# New to singlespeed - which bike to get?



## cbharping (Mar 22, 2004)

I've been contemplating getting a singlespeed...for any of you ladies that have taken up singlespeeding, what changes have you noticed in your riding? I've been told that singlespeeding is great for learning line choices, and learning to keep your momentum up, among other things.

Also, what bikes are good? I'm 5'4" with a shorter torso. I've had issues with previous bikes having too long of a top tube and getting hand numbness and instability as a result. So fit is really important to me, I've learned my lesson. Any suggestions would be appreciated!


----------



## chuky (Apr 3, 2005)

The Redline bikes are great starter singlespeeds. It is a good idea to get a cheap one, ride around on it and see what you think before investing in a high-zoot machine. I started with the Redline Monocog and was quite happy with it (it was later stolen). Since then, I have had 2 others - a totally rigid Bianchi and a big fat Kona with a Pike. Recently, I broke the Bianchi, and the Kona has since been converted to a fully rigid bike with big fat tires - I can't wait to go ride it. 

The things I learned from my Redline definitely influenced what happened with the subsequent bikes - I'm glad I only spent a few hundred bucks to figure it out.
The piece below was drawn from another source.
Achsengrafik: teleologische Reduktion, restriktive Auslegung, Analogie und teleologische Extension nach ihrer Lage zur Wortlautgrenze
Fit might not be a huge issue - you aren't ever going to sit down again anyway. Your arms and shoulders and lats will get very tired. If you hands go numb, remember to breathe and stop death-gripping the handlebar when you are torquing over climbs. 

Cheers,
C


----------



## pinkdirt (Jun 28, 2005)

*Go for it...*

I agree. You don't need to spend a fortune on one until you are sure you like it.
Best advice I learned is size and gear combo. I don't like a long top tube either, but I have noticed that many of the ss companies run them that way.
I managed to find a khs solo one with a 21.5 top tube which fits me perfectly which I can really push around.
Being 5'4" with a short torso, you might want to go with a used Bianchi because they tend to offer smaller sizes. Of if you can find an x-small On One, that's another little one.
You will likely improve your ride style from ss riding, like better line choices etc. Also IMO, from standing so much, your whole body gets stronger and you are always in ready position to power over obstacles being in that more agressive riding position. Make sure you start with an appropriate gear combo for "your" area.
If you don't, you will hate it and that might turn you off.
I made that mistake, rode it 2x and was ready to sell it by the end of ride 2. Changed my gear combo so I could handle it better and now ride it 90% of the time.
Good luck. :thumbsup:


----------



## catzilla (Jan 31, 2004)

I rode the Surly 1x1. I'm also 5'4" and dug the fit of the XS. It's cheap, steel, surly, and comes in silly colors. 

What more could you want?

Also, Surly is a QBP company, and every bike shop has an account with QBP which makes ordering one pretty easy.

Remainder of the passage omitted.